UNEP´s “State of Finance for Nature 2022” states Nature based solutions (Nbs) can play a major role in addressing a broad range of societal challenges, from managing water scarcity to reducing disaster risk to poverty alleviation. However, current finance flows to Nbs are $154 billion per year. UNEP warns that to limit climate change to below 1.5°C, halt biodiversity loss and achieve land degradation neutrality, urgent and large increases in finance for Nbs are essential.
According to report author Robin Smale, “actions to protect, conserve, restore, sustainably use and manage natural or modified terrestrial, freshwater, coastal and marine ecosystems, which address social, economic and environmental challenges effectively and adaptively, while simultaneously providing human well-being, ecosystem services and resilience and biodiversity benefits are all considered as nature-based solutions”
The report states private sector investment in NbS must increase by several orders of magnitude in the coming years from the current $26 billion per year, which represents only 17% of total NbS investment.
However, about 50% of global GDP is dependent on healthy and well-functioning ecosystems. UNEP called upon the private sector to go beyond “just the economics of GDP” and consider the principles of natural capital accounting and circular economy.
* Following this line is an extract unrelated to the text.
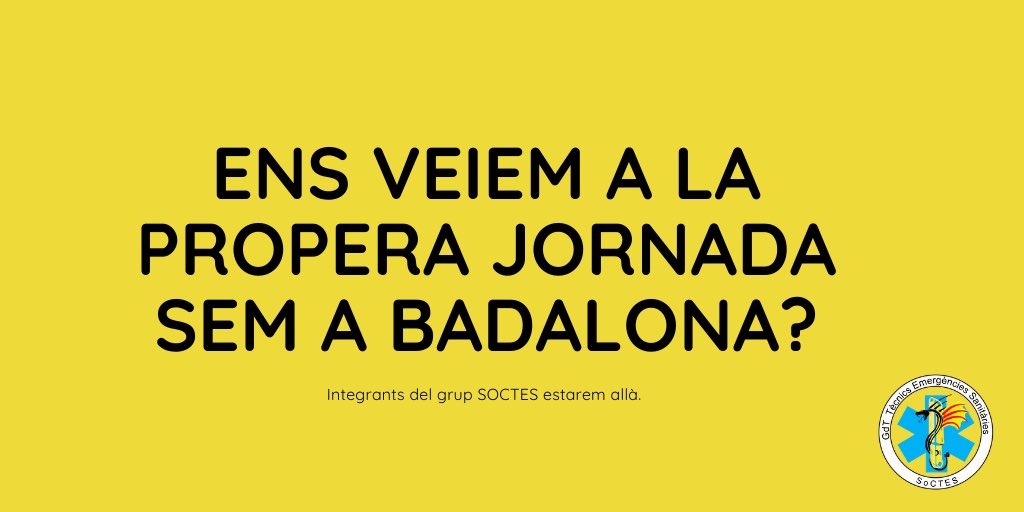 soctescat's tweet photo. El proper 14 de novembre hi ha jornada @semgencat a Badalona. Integrants del grup hi serem allà per seguir la jornada. Et sumes? #tesvisible #formaciotes https://t.co/61QciGq2Kn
Government expenditure on environmentally harmful subsidies to fisheries, agriculture and fossil fuels is estimated at between $500 billion to 1 trillion per year, three to seven times greater than public and private investments in NbS.
Subsidies are highest in the sectors of energy and agriculture estimated at $340 billion – $530 billion a year and $500 billion a year, respectively. UNEP warned these flows severely undermine efforts to achieve critical environmental targets.
UNEP issued its document 10 days after the end of the COP27 and a week before the start of the UN Conference on Biodiversity (COP15 CBD) in Montreal, Canada.
COP15 is where nations will try to agree on a deal to protect nature and wildlife from further losses and degradation.
The report has three main recommendations:
Financing green: increasing direct finance flows to NbS
Greening finance: companies and financial institutions must transition to “net zero, net positive” and equitable business models
Increasing inclusion: public and private sector need to scale up inclusive NbS investments
UNEP urged governments to lock in critical targets on biodiversity loss, take urgent action to raise ambition and implement emissions reduction targets in line with the Paris Agreement and action land restoration commitments underpinned by broad based resource mobilization from public and private actors.